We had a blast! We ran up and down the Black Hills, stopping at the tourist traps such as Deadwood and Lead (mining and gambling communities) and of course we couldn't leave out Mt. Rushmore. We saw the Herbie car in Deadwood's Hollywood Hotel. We cozied up to Wild Bill Hickok and mourned his premature death during a game of cards. We goggled at the largest gold mine in the world (according to the visitors' center informational video). We explored the Journey Museum, tried on cowboy hats and mounted horse saddles.
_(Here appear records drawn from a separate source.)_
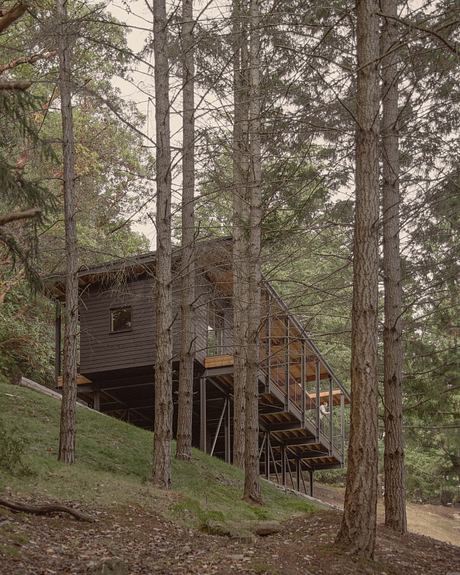 Trestle Cabin by The Miller Hull Partnership - 7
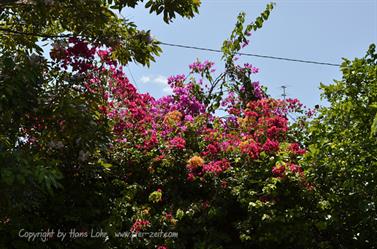 Varadero-Village,_Sightseeing,_DSC2032_b_B740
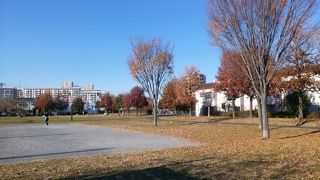 広々としていてベビーカーでのお散歩に最適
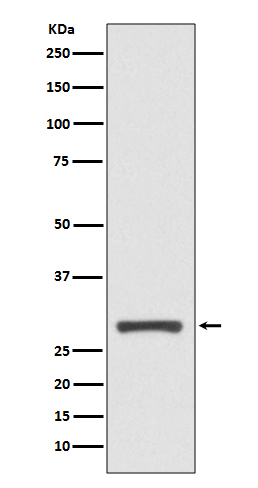 14-3-3 sigma Rabbit mAb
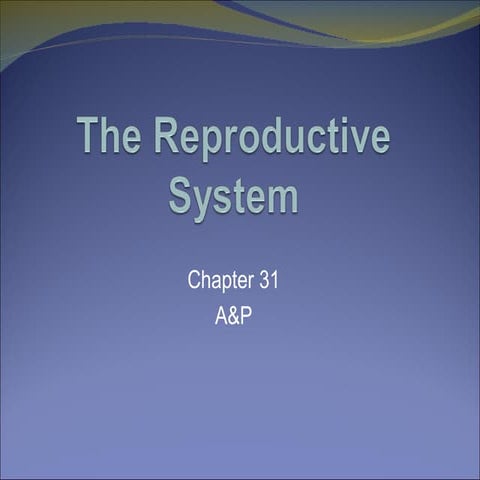 A&P Chapter 31 The Reproductive System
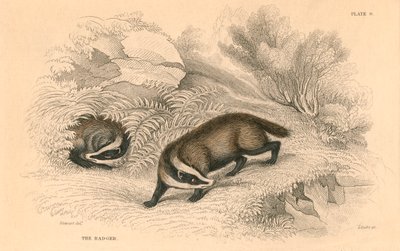 コモンまたはユーラシアのアナグマMeles meles、1828 作： Unbekannt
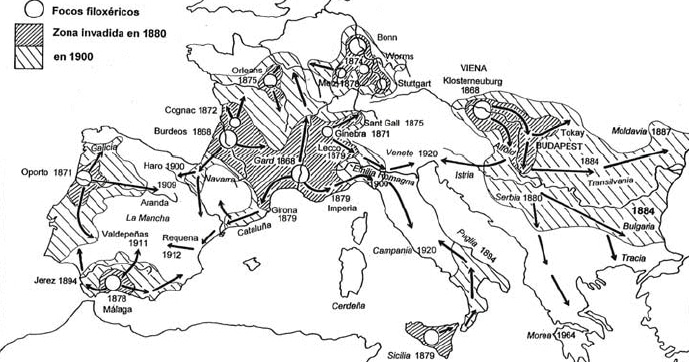 mapa de europa con la evolucion de la filoxera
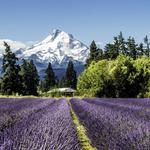 Hood River Lavender Farms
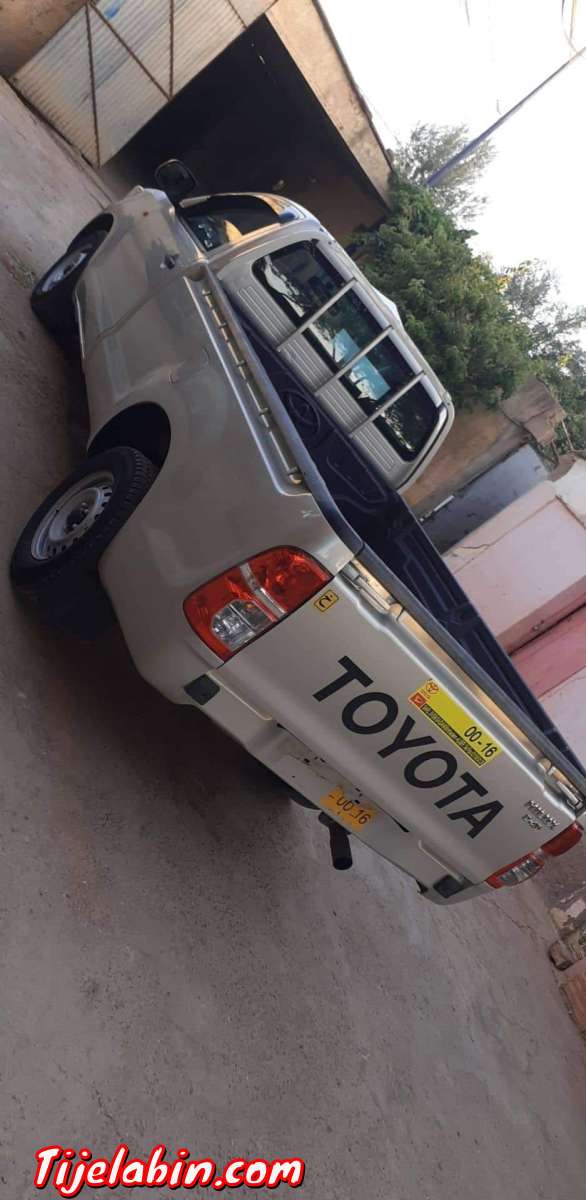 طيوطا هيليكس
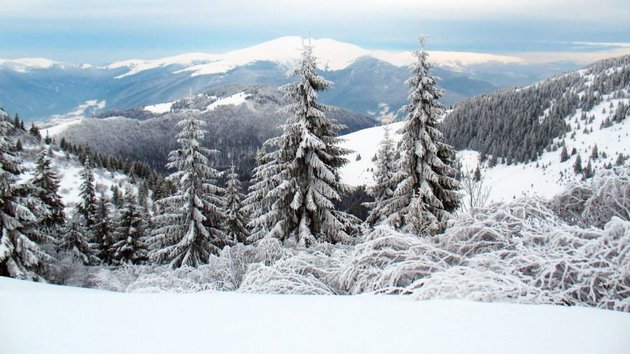 Украину на Пасху накрыл снег: зима вернулась, впечатляющие ФОТО
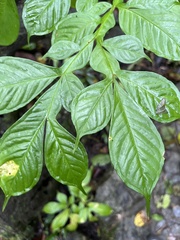 Amorphophallus paeoniifolius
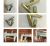 Decorative buckle sliding door soft bag crystal nail buckle wholesale crystal buckle metal strip buckle, sofa buckle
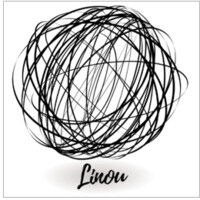 Linou logo - Similar company to Dsm It Pvt Ltd
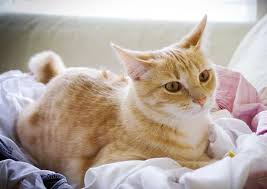 The prognosis for a cat with stomach cancer depends on the type of cancer and how advanced the cancer is at the time of diagnosis. Feline Pancreatitis Signs Of Trouble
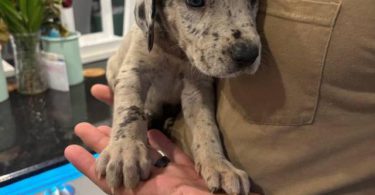 Pure Great Dane puppies for sale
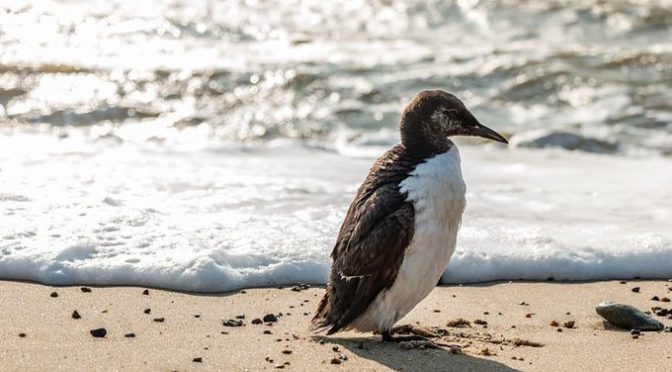 Estados Unidos: en el Pacífico una mancha de agua caliente provocó la muerte de un millón de aves (Plumas Atómicas)
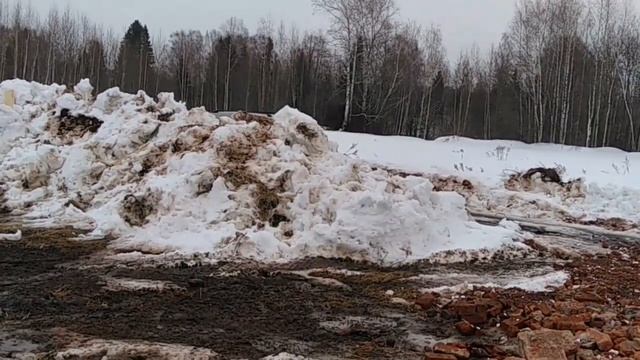 2019-01-Покупка Участка. Нежданчики.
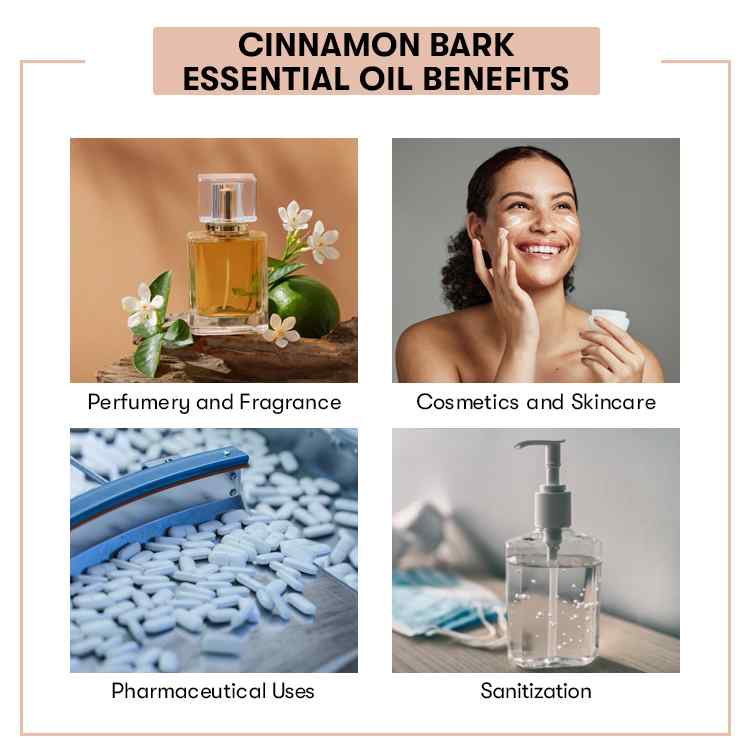 Cinnamon Bark Essential Oil Benefits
Rimma's biggest amazement was the fact that the snow scattered across parts of the Rapid City area didn't melt. However, chocolate candy and crayons melted, but not the snow (granted, the candy and crayons were in the car...). She loved seeing our guinea pigs, Mixie and Tedi, and took in the wonder of our ever-present Native American culture here in South Dakota. What I love about Rimma is her child-like wonder at the simple things. We also enjoyed as a family good discussions on politics and economics and religion.
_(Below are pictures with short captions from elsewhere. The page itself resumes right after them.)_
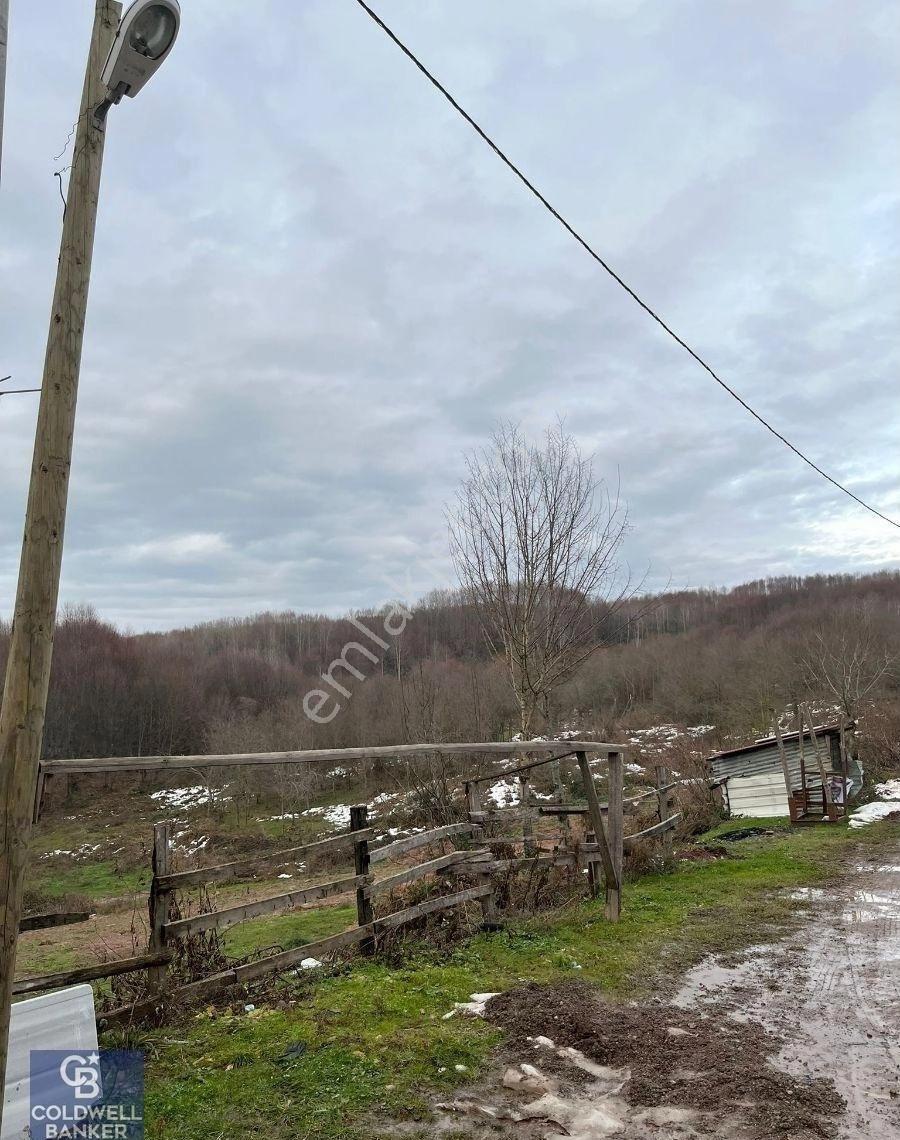 Golcuk Irsadiye Satilik Hayvan Ciftligi 5423m2 Arsa İcinde - Görsel 8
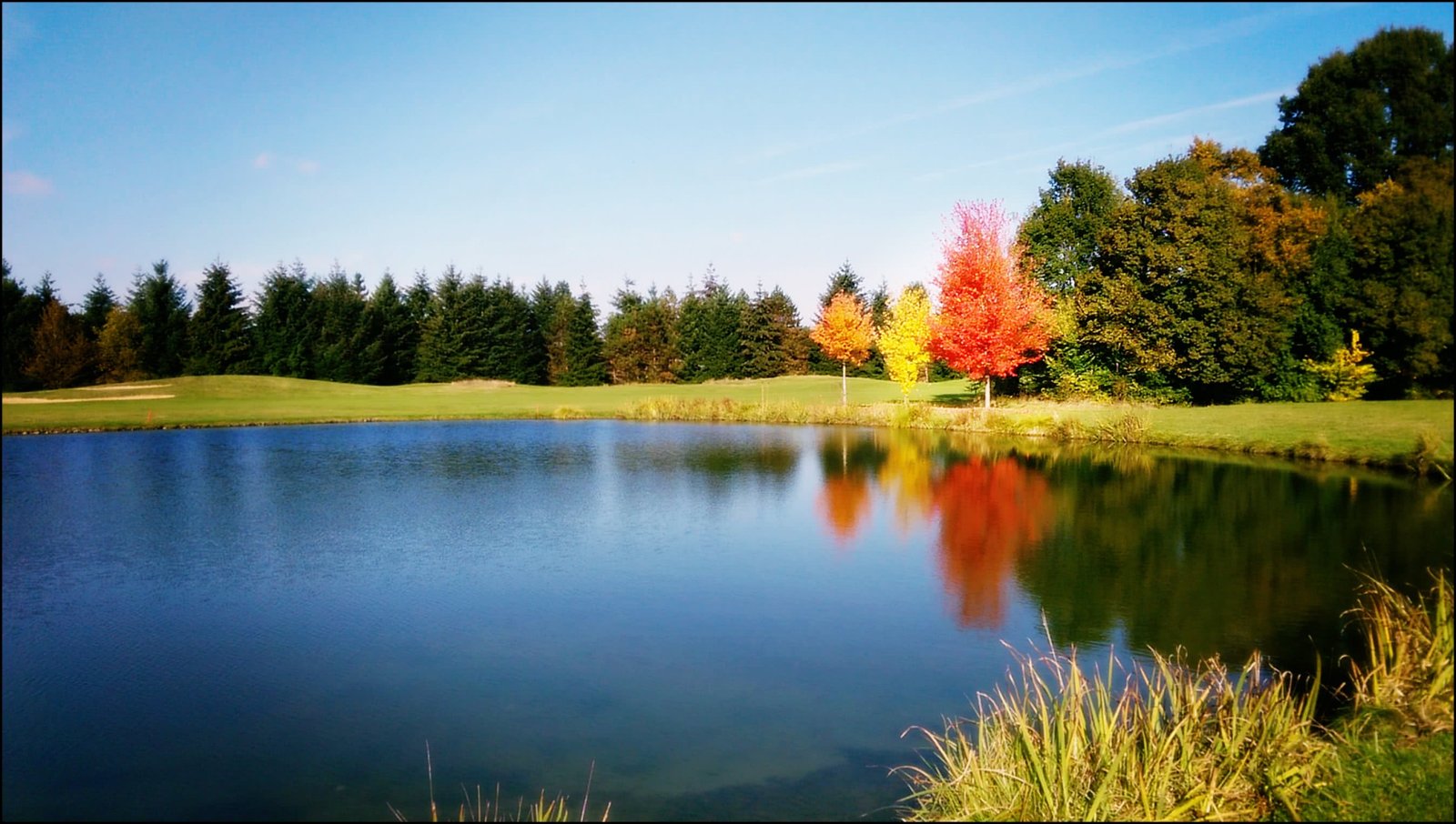 Golf d’Étiolles - Green et bunkers
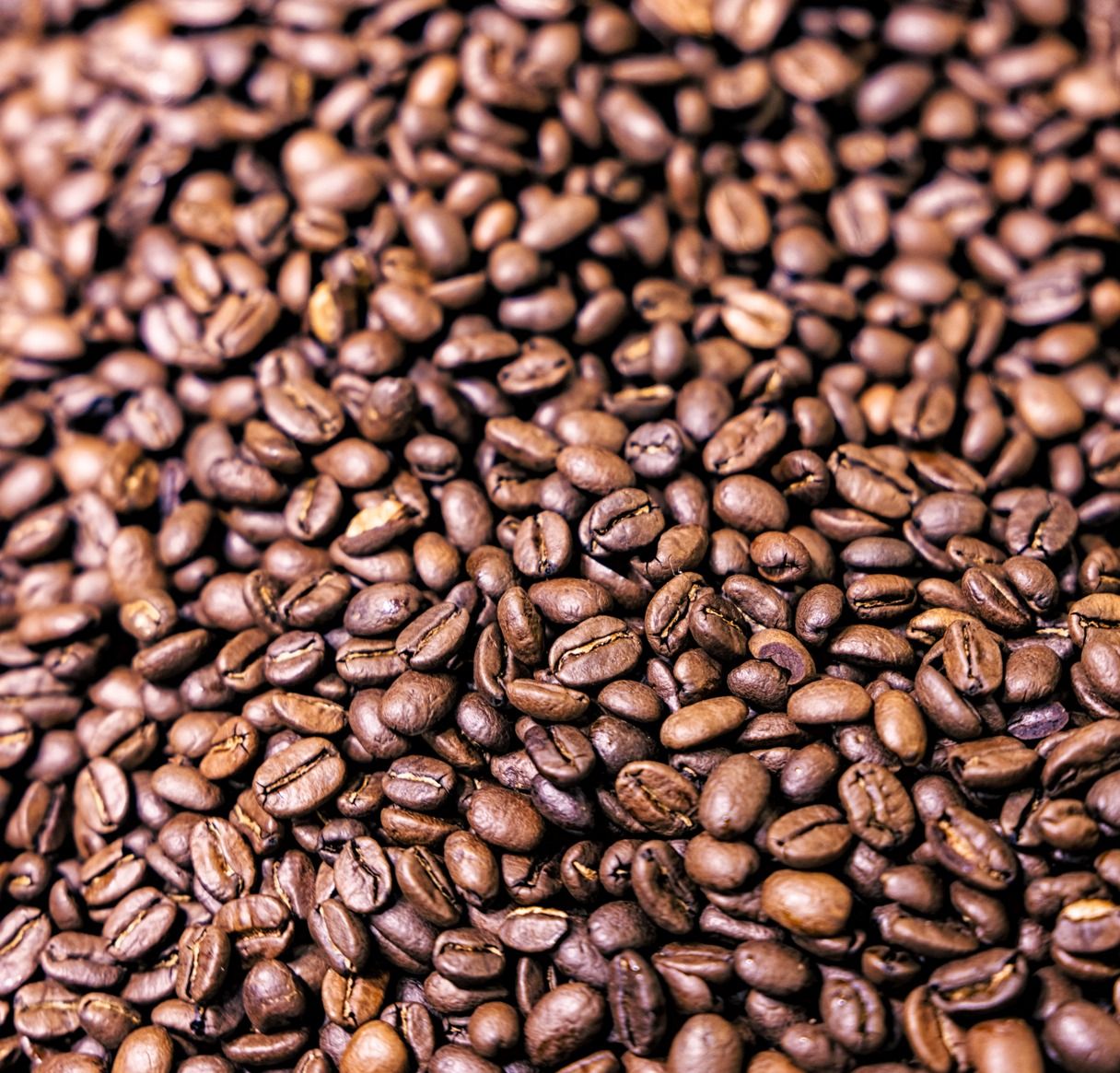Blue-Mountain-roasted-coffee-beans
My favorite part about the trip consists of two things: one was when we attended the baptism of a little Chinese lady. It was a wonderful, powerful experience. The other was after institute when the sister missionaries handed her a Russian Book of Mormon. Of course she can read English very well, but how many of us can understand Isaiah in our native tongue of English? So I hope that with the things we talked about and the things she felt, something will happen in the future.
Well, things quieted down after Rimma left. Actually, things stayed pretty noisy (you would know if you knew my family and my crazy sisters! Okay, I'm crazy too!), but we've all been involved in our different activities. I've been working for the nicest lady in the world, Ramona Policky, who has me doing odds and ends for her until my internship starts May 6. Oh, did I mention that my best friend, Sierra, works with me too? We both agree that we have the best job ever.
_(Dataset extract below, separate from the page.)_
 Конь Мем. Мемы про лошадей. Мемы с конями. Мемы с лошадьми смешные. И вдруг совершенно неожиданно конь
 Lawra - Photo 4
Speaking of my internship, my "boss" (I think that's who it is) told me that instead of doing copy editing and layout/page design like we originally planned, I would be a reporter for the first month, working Tuesday through Saturday. I was a little disappointed; I really liked the first idea. But this is where I can overcome challenges thrown at me. I've been looking for story opportunities, and doing so has me pretty much scared out of my mind. But I can handle it. I've done worse, I'm sure.
I had an interesting experience last night: as a favor to my dad, I spoke with about 20 young men at their mid-week church activity. The subject was career exploration and planning for college. Trust me, it was interesting. Not the PowerPoint (those are never interesting, I wish I had made it up though. Except the laptop we were using screwed up the visuals...). The young men had some interesting comments — I think someone mentioned he wanted to be a ballerina, another said a professional hobo. But for the most part, they were basically attentive; I tried spicing things up by showing them a couple of videos that my roommates and I had done to show them college isn't completely a waste of time (ha, ha). I had never really done any sort of speaking/presentation with high school aged guys in a long time, so I think it was dry, and lacked punch. If I have another chance, I have been well prepared (and warned).
Well, this summer should prove exciting. Heck, if you're in a single's branch, only Spanish soap operas have more drama than that!